Session 149, 7 Essentials in Clinical Informatics Adoption, features a case study by CHRISTUS Health on how they identified and described the seven most critical strategic and operational contributors to successful systematic implementation.

Another session, CMIO and CIO: Partners in Optimization and Transformation, brings together the CMIOS and CIOs of Cleveland Clinic and Memorial Sloan Kettering Cancer Center.

Session 231, International Exchange and Crisis Support, will cover new roles for HIEs. Speakers from southeastern Pennsylvania will discuss two events that led to better support when disasters and crises occur. An Amtrak crash happened outside of Philadelphia which led to chaos because little was in place to handle patients and inquiries. Nine months later, the pope was scheduled to visit the city.
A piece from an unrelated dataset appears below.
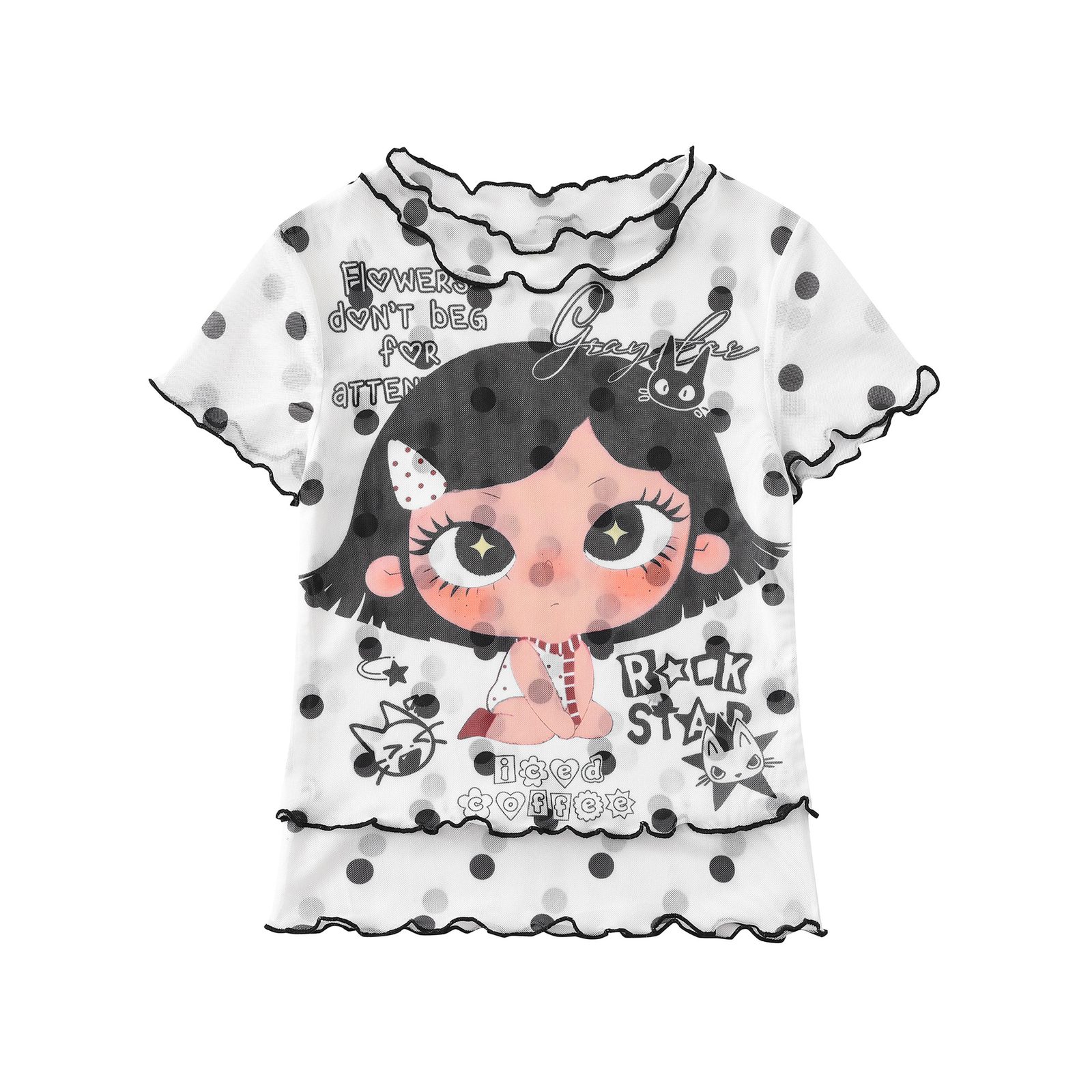 Cartoon Graffiti Mesh T-Shirt Color-Blocked Plaid Ruffle Trim Fitted Bodysuit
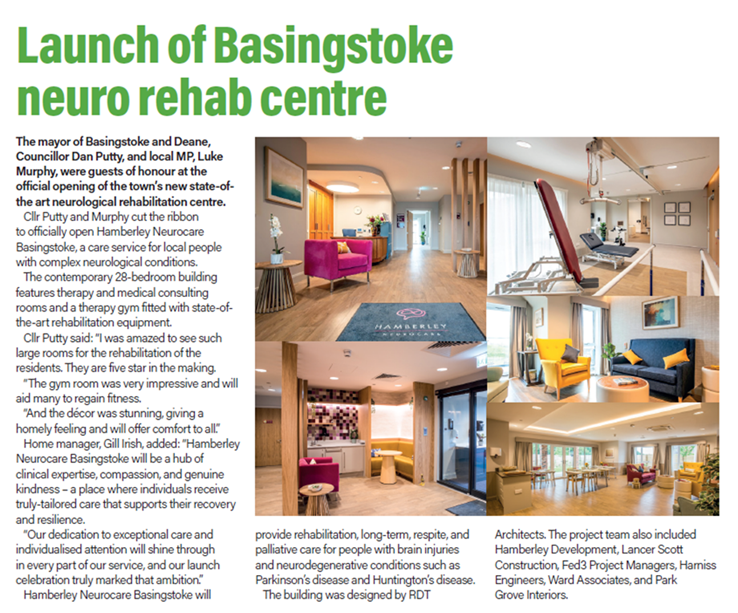 Celebrating the impact of thoughtful design in healthcare - we’re thrilled to see <a href="/hamberleyneuro/">Hamberley Neurocare</a> #Basingstoke in <a href="/HCprop/">Healthcare-Property</a> this month!
Designed with the end users in mind - this 28-bed rehabilitation unit provides specialist support and state-of-the-art facilities 
#rehabilitation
A nonprofit organization was formed to put in place a program that helps everyone prepare medically and physically for similar situations.

National coordinator Karen DeSalvo, MD, MPH, MSc, and acting administrator of the Centers for Medicare & Medicaid Services Andy Slavitt also will present the latest regarding health IT at 5:30 p.m. on March 1. There will be two encores of this session to provide attendees with a choice. “So much goes on during the week that folks literally can’t get to all of it,” said Klinedinst.

Attendees can expect to see the synergy of several topics across the three pillars of the HIMSS conference—education, exhibition and networking, said Klinedinst. Numerous sessions across the 17 different categories will touch on interoperability, for example. People want to do a combination of all the offerings, from preconference symposia to educational sessions to opportunities on the exhibit hall floor, and the organizers have worked hard to make that happen.

Attendees also have the option this year of earning continuing education credits for the clinical informatics credential from the American Board of Preventive Medicine. “Up until now, they’ve really had few places where they could get clinical informatics training. We’re offering 170 sessions to choose from which will be available on demand after the conference. We’re very excited to be able to offer this,” said Malone.

The exhibit hall has plenty to offer attendees including the Interoperability Showcase and the Federal Health IT Pavilion. New this year are population health and revenue cycle management knowledge centers.

Visitors of the HX360 Innovation Pavilion can learn more about leading health tech startup companies and view firsthand demos of cutting-edge products addressing the patient as consumer, chronic care and behavioral health, long-term and post-acute care and operations. This area for the first time will feature 3D Printing Row where visitors can join industry leaders as they demonstrate their technologies around bioprinting of living cells, medical device design and preoperative planning. 

With privacy and security top of mind, the HIMSS Cybersecurity Command Center will offer several challenges, companies that can help organizations strengthen their security programs and 28 educational sessions.

This and much more is available for HIMSS16 attendees, so rest up and be sure to bring some comfortable shoes.